■ **HOW TO COMPLETE THIS TASK**
Wherever the line that contains "Girls Kamado Nezuko" falls, repeat it and the lines after it exactly until the records end, without any pictures.

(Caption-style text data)
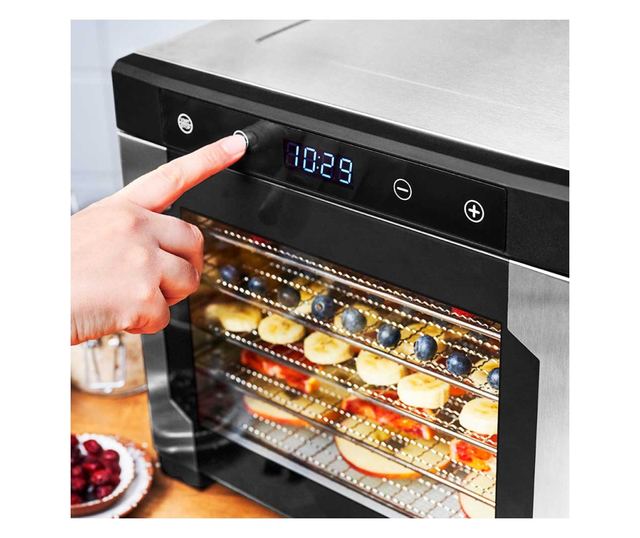 Gastroback Dehydrator Pro Aszalógép, 6 rozsdamentes polc, 3 tálcával, hőmérséklet 35-75 C, érintőpanel, LED kijelző, időzítő, fe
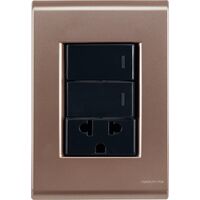 CONJUNTO ARMADO 2 INTERRUPTORES SIMPLE + TOMACORRIENTE 2P+T UNIVERSAL 10A-15A 250V ORO VIEJO LIZ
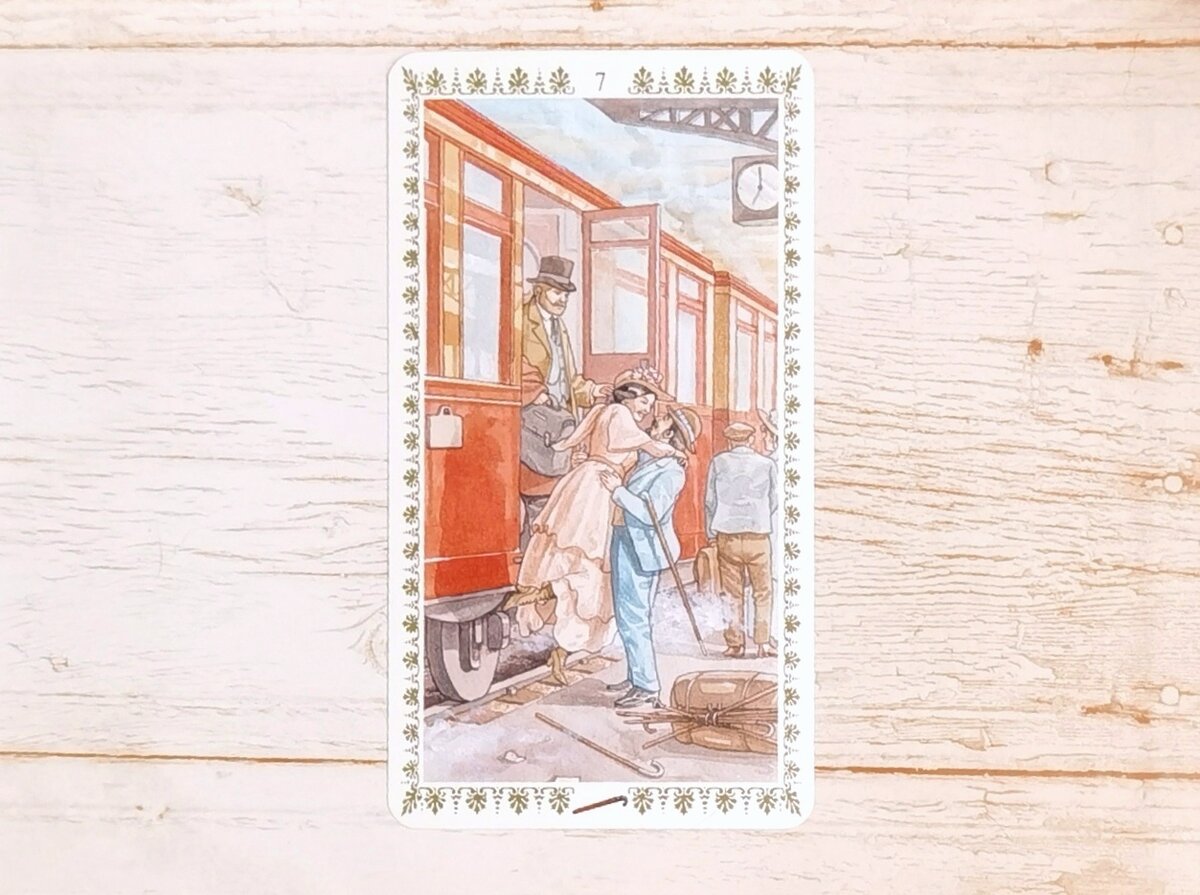 Аркан "7 Жезлов". "Романтическое Таро".
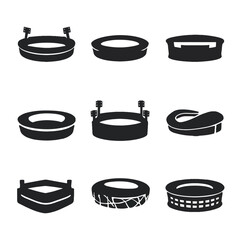 Black Silhouette Different Stadium Arena Architecture Structure Building Minimalist Icon Set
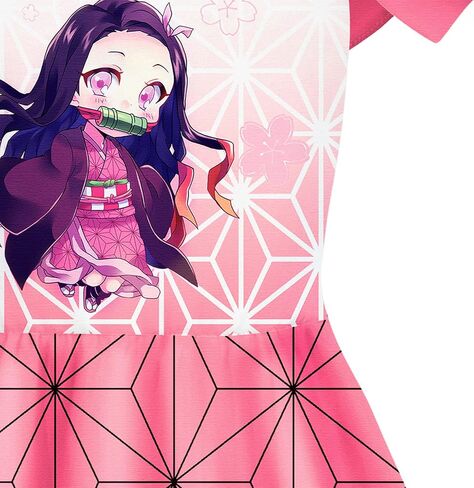 Girls Kamado Nezuko Dress Kids Flutter Sleeves Dress Outfits Anime Clothes in Saudi Arabia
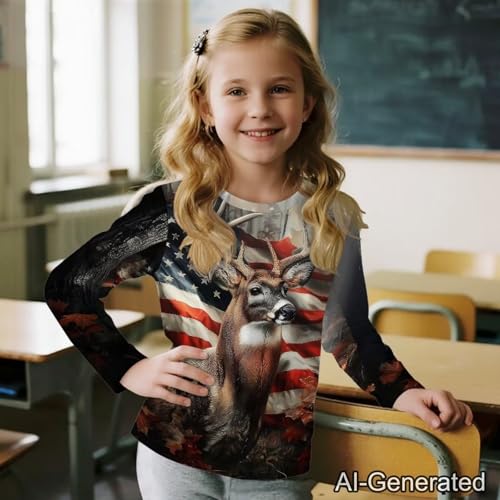 Image of Renewold Boys Girls Tees Kids T-Shirt Long Sleeve Crewneck T Shirts Casual Athletic Tops Clothing for Home School Travel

■ **OUTPUT FOR THIS EXERCISE**
 Girls Kamado Nezuko Dress Kids Flutter Sleeves Dress Outfits Anime Clothes in Saudi Arabia
 Image of Renewold Boys Girls Tees Kids T-Shirt Long Sleeve Crewneck T Shirts Casual Athletic Tops Clothing for Home School Travel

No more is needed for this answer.